As everyone vies for their seat at the table, the real challenge might be knowing what to do with that seat once you have it.
Lesley Kennedy knows what having that seat is about. With a background in youth organizing, she became executive director of the Chicago Girls Coalition shortly after receiving her degree from the University of Chicago Crown Family School of Social Work, Social Policy, and Practice.
After landing so suddenly in a leadership role, however, she encountered obstacles to expressing herself as a leader that often felt insurmountable.
“It’s almost heartbreaking that I can’t go back and implement some of the strategies I know now,” she says. “Even if I had the seat at the table, I didn’t feel safe confronting or acknowledging the biases I felt as a young Black woman. Basically, I put on armor. I hunkered down and rolled with the punches. I lacked the insights and tools to manage the ingrained biases—things as basic as microaggressions—I was facing.”
She now teaches the course Inclusive Leadership at the Crown Family School's master's program in Social Sector Leadership and Nonprofit Management (SSL). What drives Kennedy’s passion for teaching inclusive leadership is that it gives her a way to ensure that her students, when they find themselves in similar situations, will have the tools to stay grounded in themselves and lead authentically.
“But that’s the personal reward of teaching this class,” she says. “I’m able to reach back to professionals and discuss what it takes to establish a sense of purpose and an understanding of your identity. These are issues that become very complex when leaders encounter structural biases in the workplace.”
- Lesley Kennedy, Instructor, Master's Program in Social Sector Leadership and Nonprofit Management
“I want students to feel empowered to be vulnerable as they chip away at the barriers keeping them from leading from their most authentic place. The hope is that the lessons they learn will provide a rich and grounding experience they can use to orient them in their careers and in life."
Build an inclusive environment
Designed for early- and mid-career individuals with previous experience working in the social sector, Kennedy’s class gives students the conceptual underpinnings to lead in an inclusive way as they expand their understanding of themselves as leaders. The goal is to integrate the lessons from lectures and readings into one’s personal experience and to use that knowledge as a way to grow as an inclusive leader.
“People spend their entire professional lives in armor,” Kennedy says. “They force themselves not to be vulnerable and not to be who they are because they fear losing their jobs or not being promoted.

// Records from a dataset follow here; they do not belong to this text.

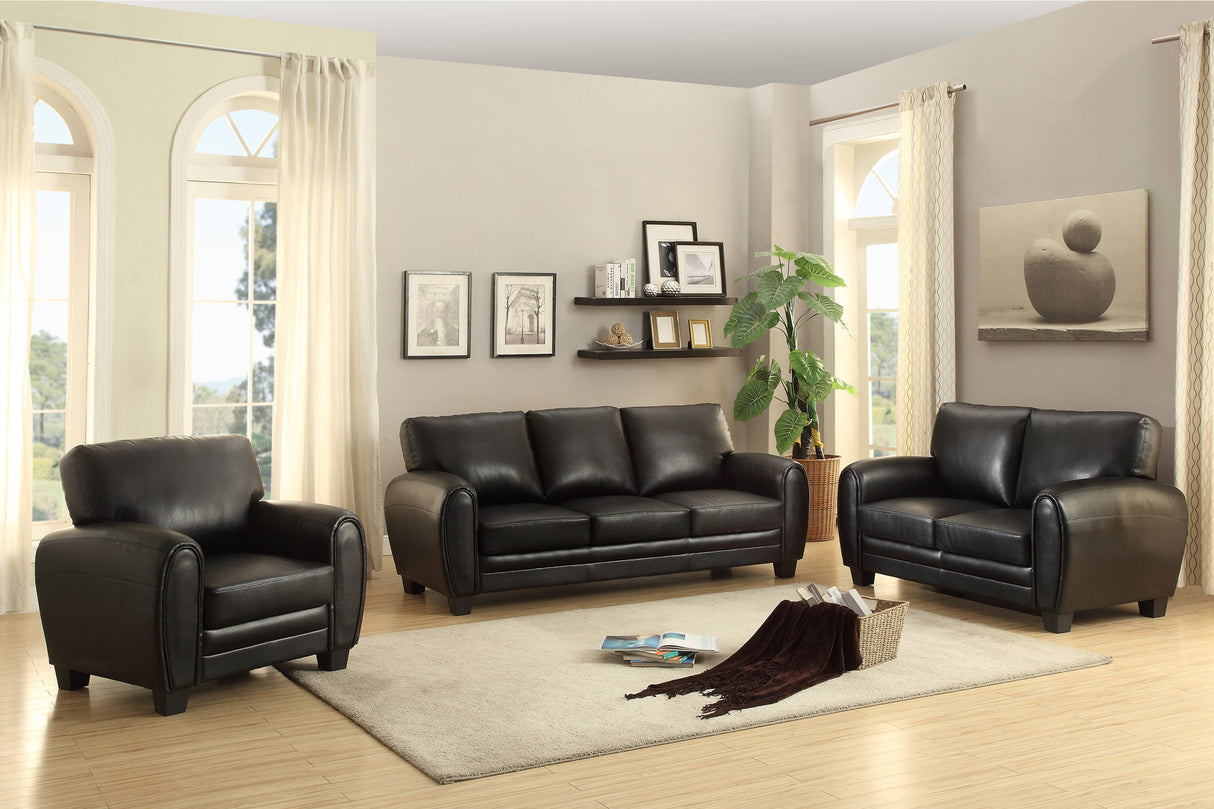 Modern Living Room Furniture 1pc Loveseat Black Faux Leather Covering Retro Styling Furniture Home Elegance USA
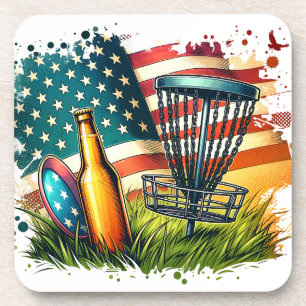 American Flag Disc Golf and Beer Coaster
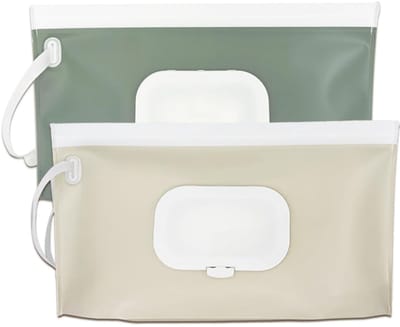 Dailygoods- Doekdispenser 2-pack - Draagbare Navulbare Doekhuiders - Herbruikbare Reis-Babydoekjes-Dispenser - Waterdicht - Stofdicht - Hoogwaardig EVA-Materiaal - Doekjeshouder
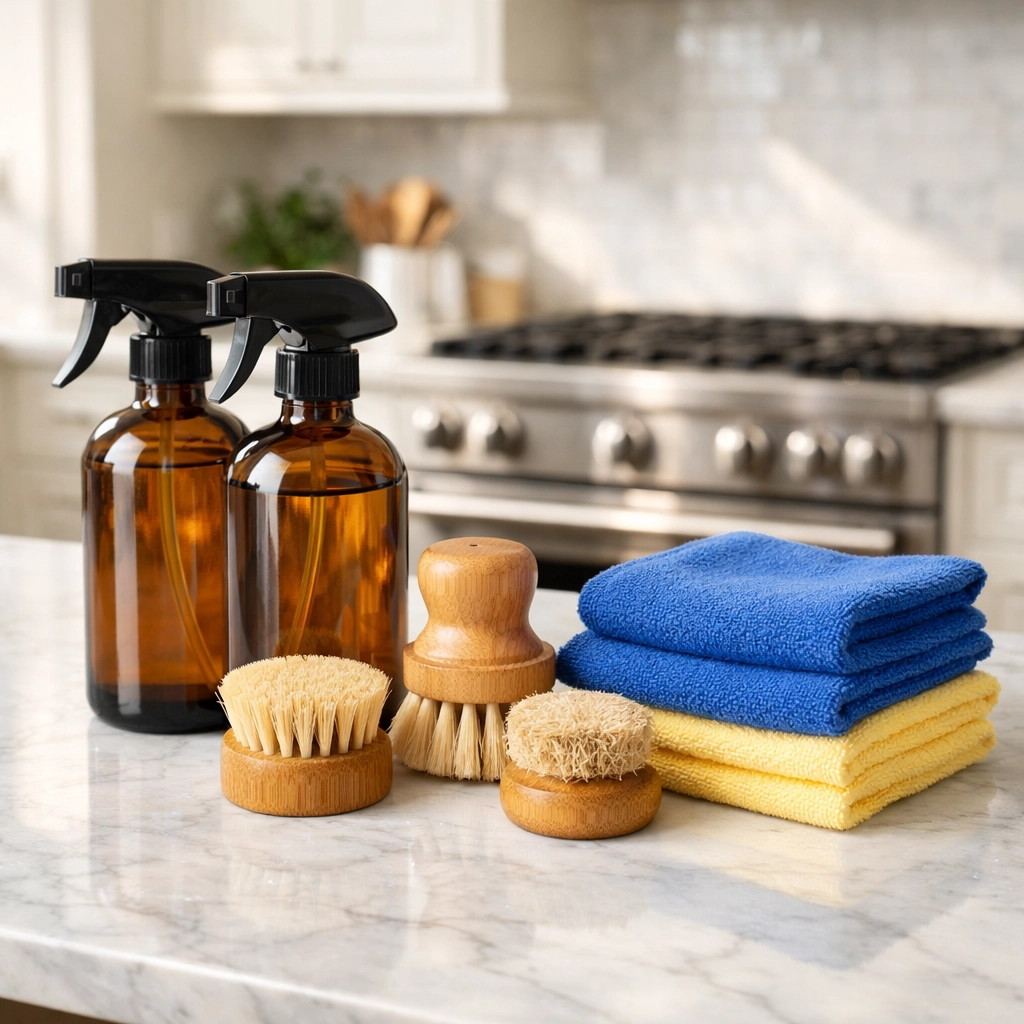 Eco-friendly cleaning supplies on a marble counter used by professional cleaners Newton MA for safe house cleaning.
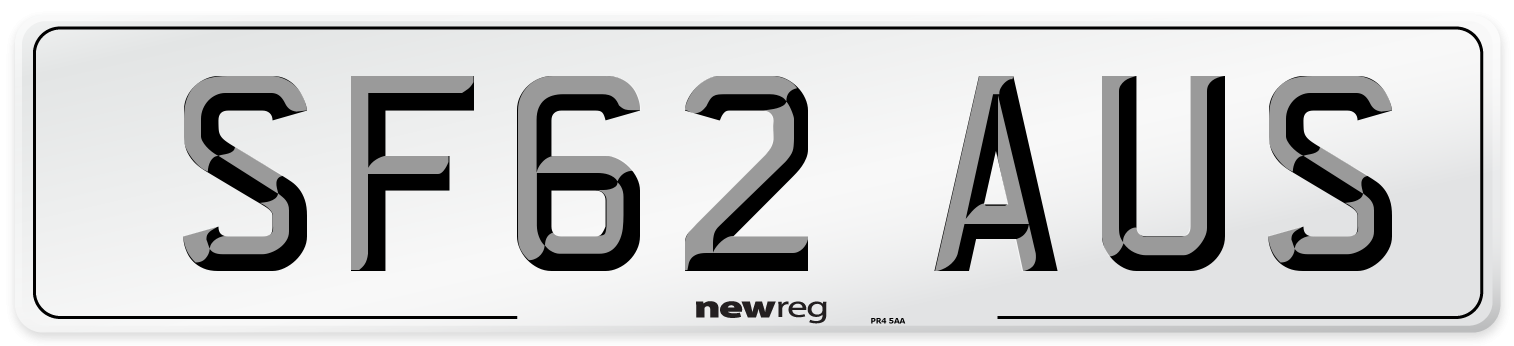 SF62 AUS Number Plate from New Reg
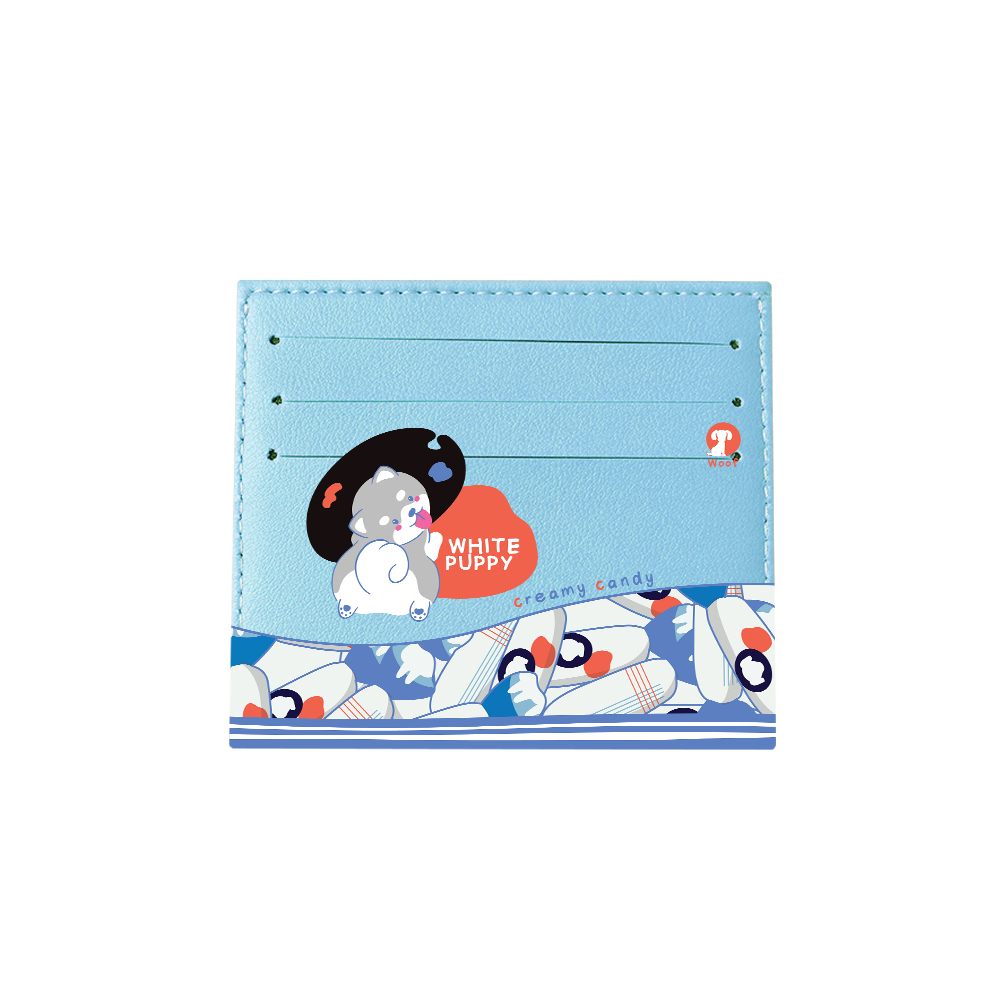 6 Slots Card Holder - White Puppy
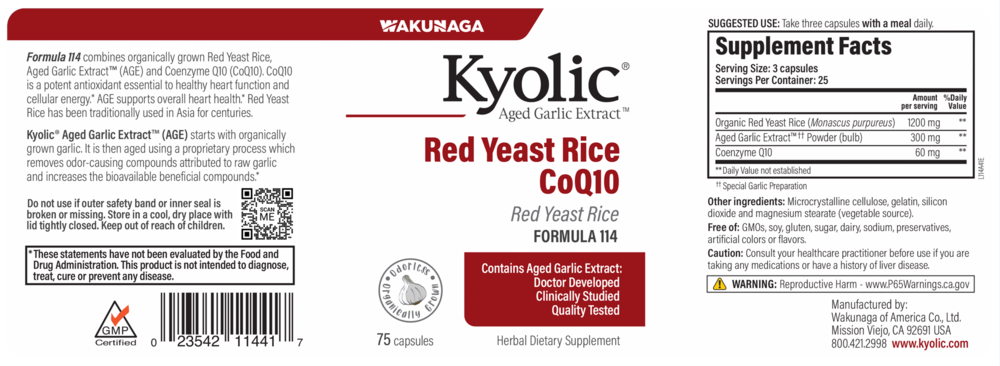 Product image for Kyolic Red Yeast Rice.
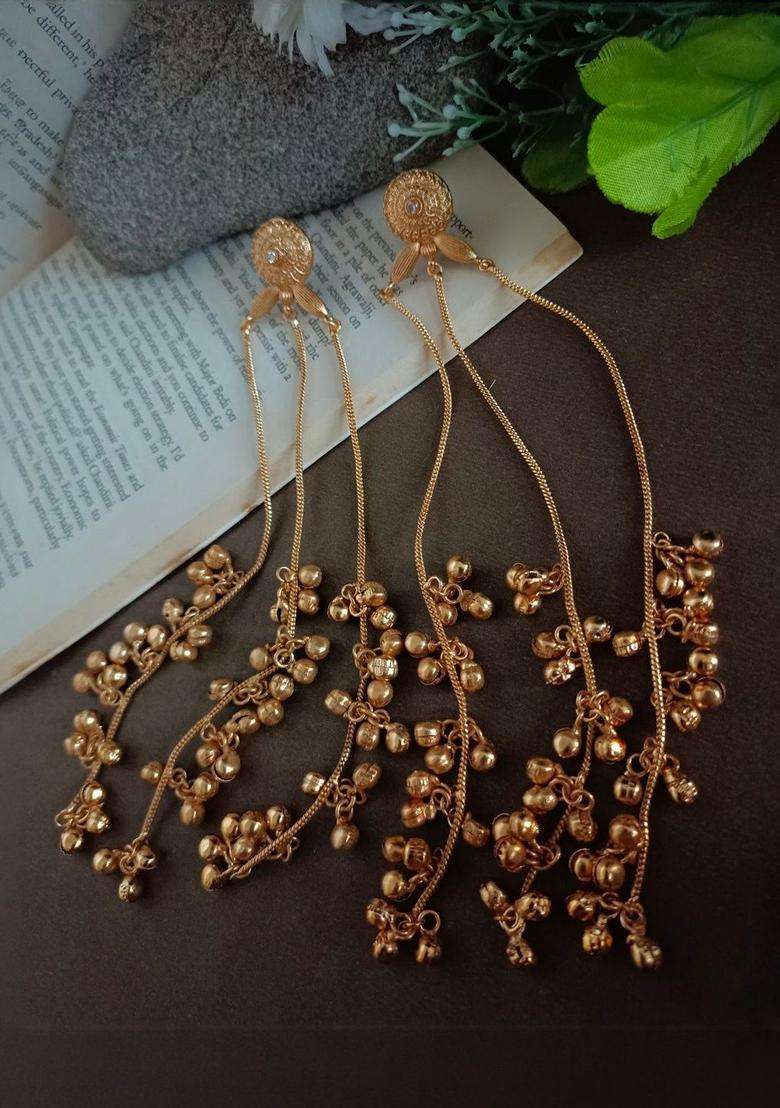 Gold-Plated Kundan & Ghungaroo Beaded Kashmiri Drop Earrings for Women | Fusion Party & Festive Wear | Gift for Her - Indya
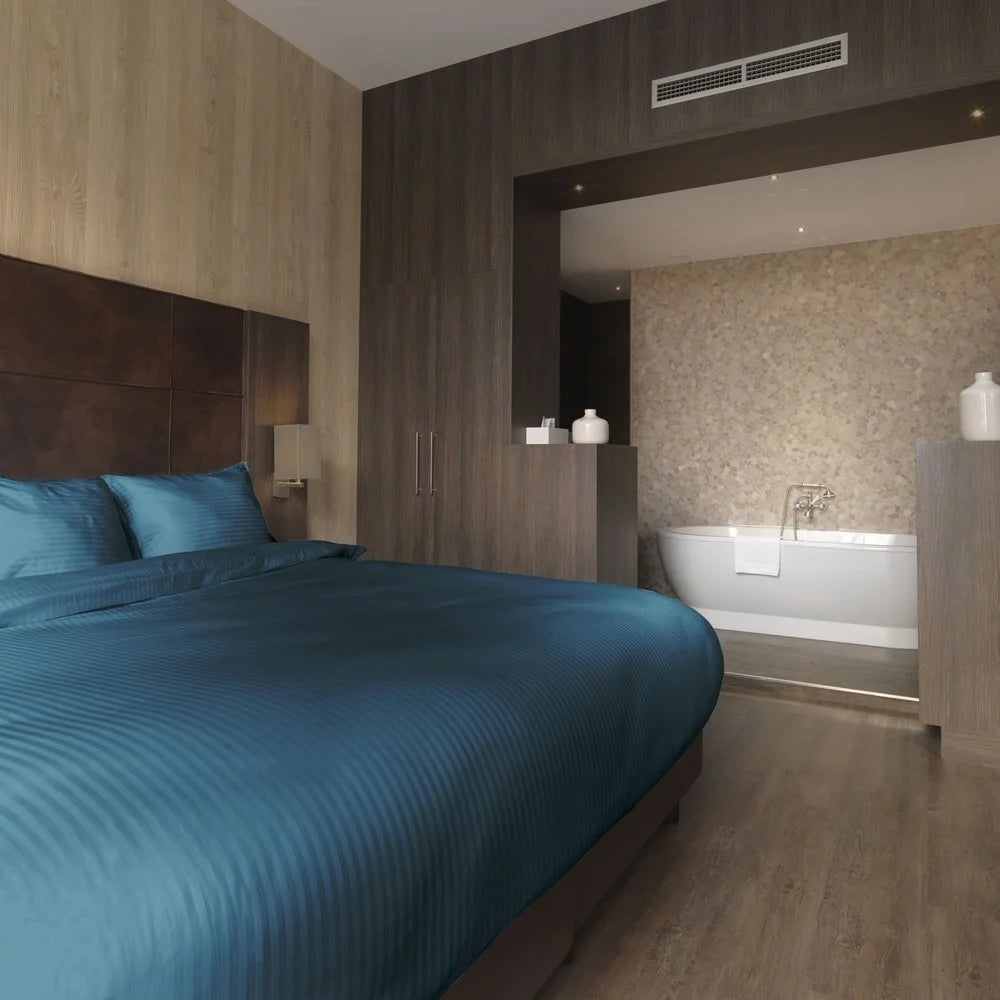 Luxe Katoen Satijnen Dekbedovertrek Blauw | Hotel Line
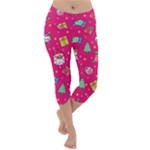 cute pink christmas pattern Lightweight Velour Capri Yoga Leggings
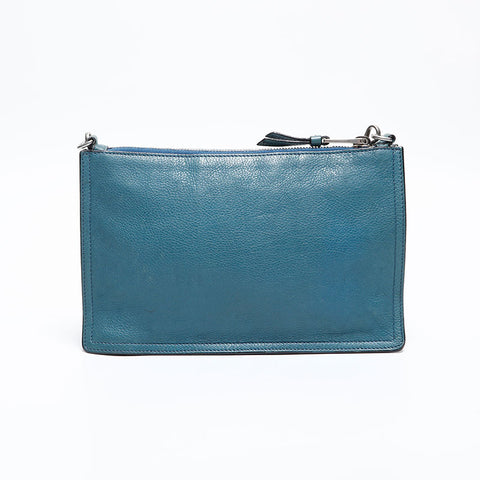 PRADA leather logo Shoulder Bag blue WS20283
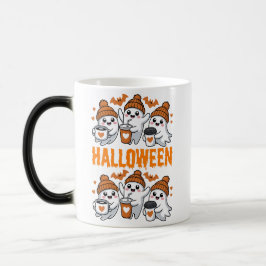 Niedliches Halloween-Ghost-Kaffeedesign Verwandlungstasse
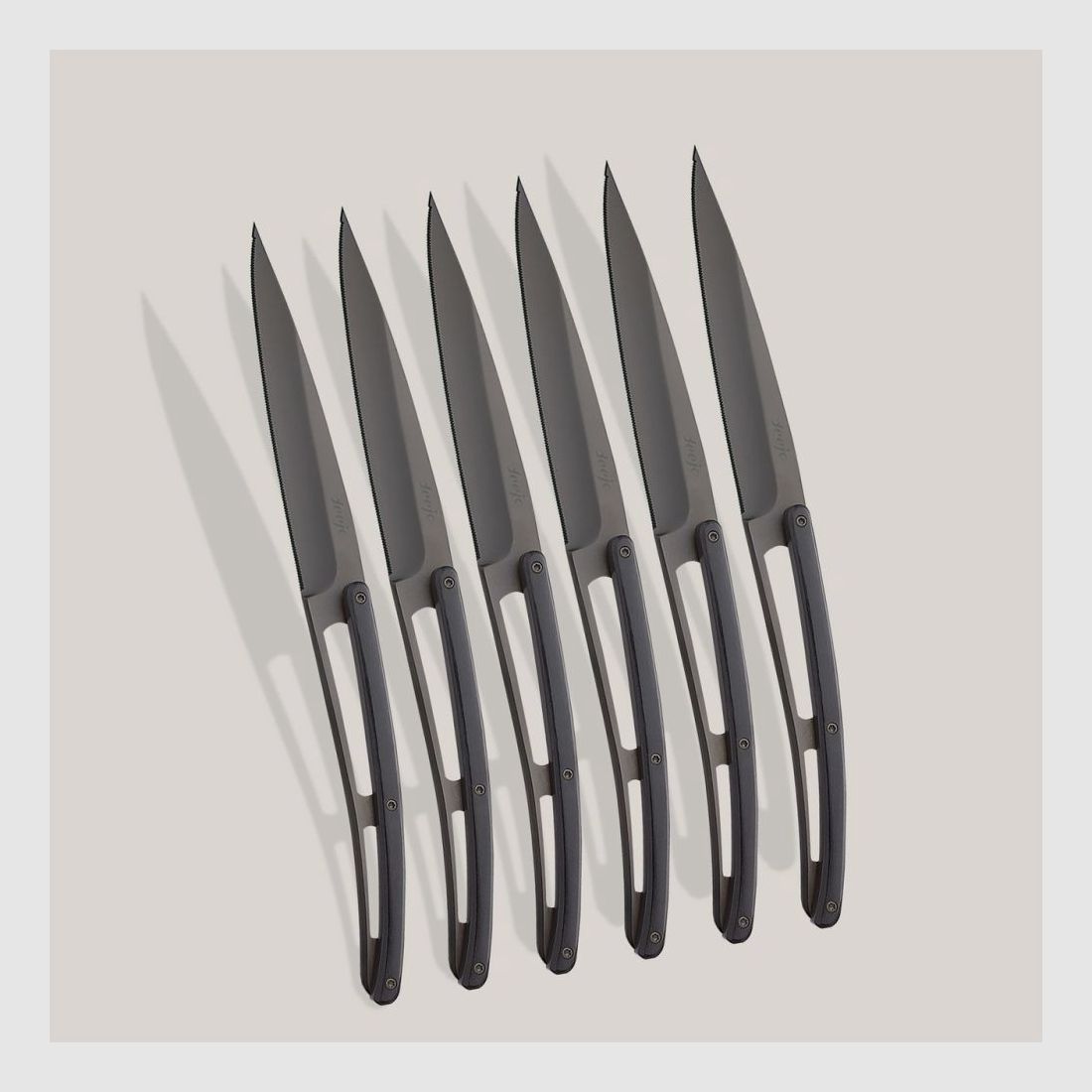 6 Deejo-Steakmessern Serrated, Ebenholz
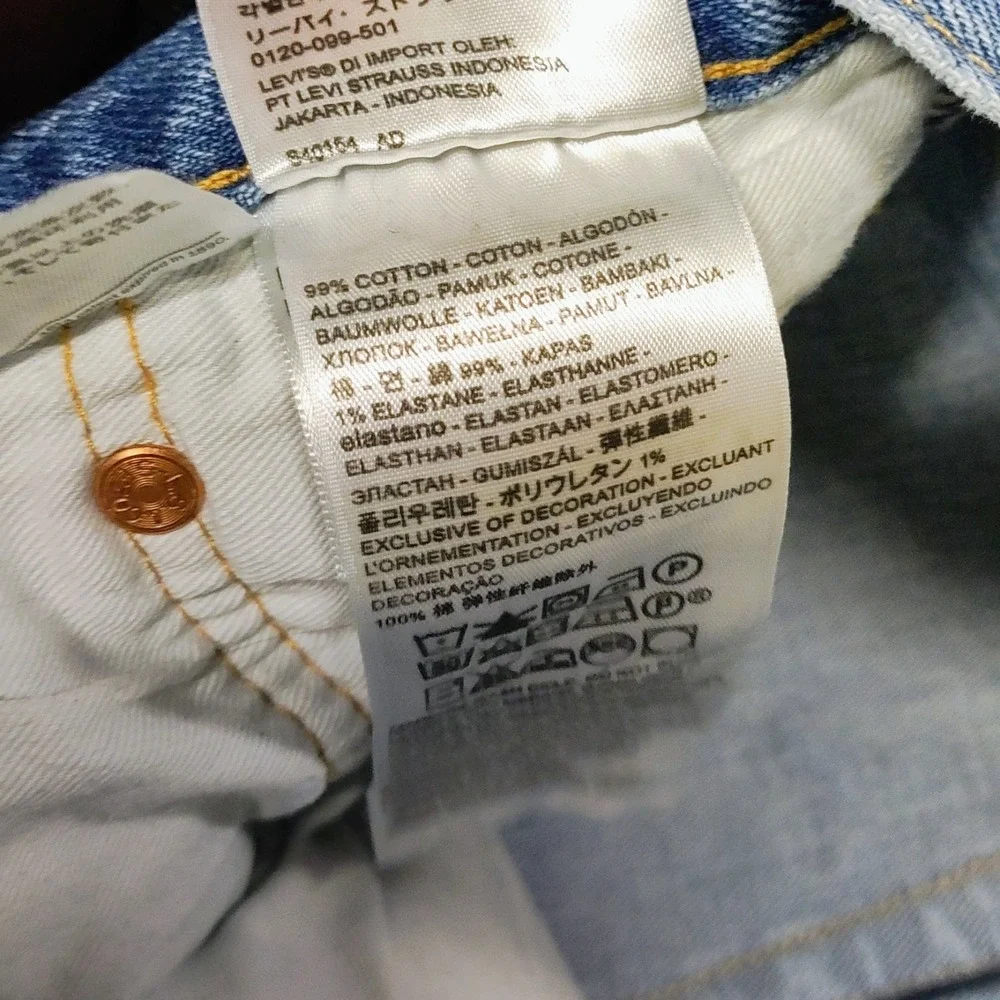 Levi's Premium 501 93 Button Fly Jeans 34x36 Mens Straight Leg Stretch Denim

In class, we spend time focusing on each student’s particular leadership style and developing the skills to be nimble and adaptable when confronting the complexities that exist within the nonprofit space. It sets the tone for the rest of your professional experience.”
Kennedy notes that there is sometimes a misconception among social sector professionals that their organizations are already inclusive workplaces. After all, the equity that comes with inclusivity is precisely what orients their work in the communities they fight for. Assuming that these barriers have already been overcome, however, leads individuals to put the blame on themselves when biases get encountered.
“That’s how imposter syndrome develops,” she says. “When you decide that you’re going to dedicate your career to nonprofit work you do it because you have a sense of purpose. You’ve dedicated yourself to helping people change those systems, but when you’re confronted by those very systems in your workplace it makes it very difficult to envision change.”
It is partly why creating an inclusive environment in an organization takes more than just having broad racial representation. Inclusivity involves deliberate action within the culture and it starts with the leader’s commitment to creating an environment in which everyone feels safe to share their experience of inequity.
“These are not conversations that happen all by themselves,” Kennedy says. “The environment has to be built, it has to be fostered and encouraged. There is learning that has to happen for most people to feel equipped to talk about their experiences when it comes to race- and gender-based workplace biases.”
Feel empowered to face challenges
Embarking on this journey requires both courage and humility, as well as a willingness to challenge oneself. To get started, however, it takes a safe environment. When it comes to building that environment in her virtual classroom, Kennedy focuses on creating safety rules and building trust. Each student shares their leadership story and the experiences that have led them to take the class.
“So much of this is about everyone being reflective about what has brought them to do the work that they’re currently doing,” she says. “I want students to feel empowered to be vulnerable as they chip away at the barriers keeping them from leading from their most authentic place. The hope is that the lessons they learn will provide a rich and grounding experience they can use to orient them in their careers and in life.”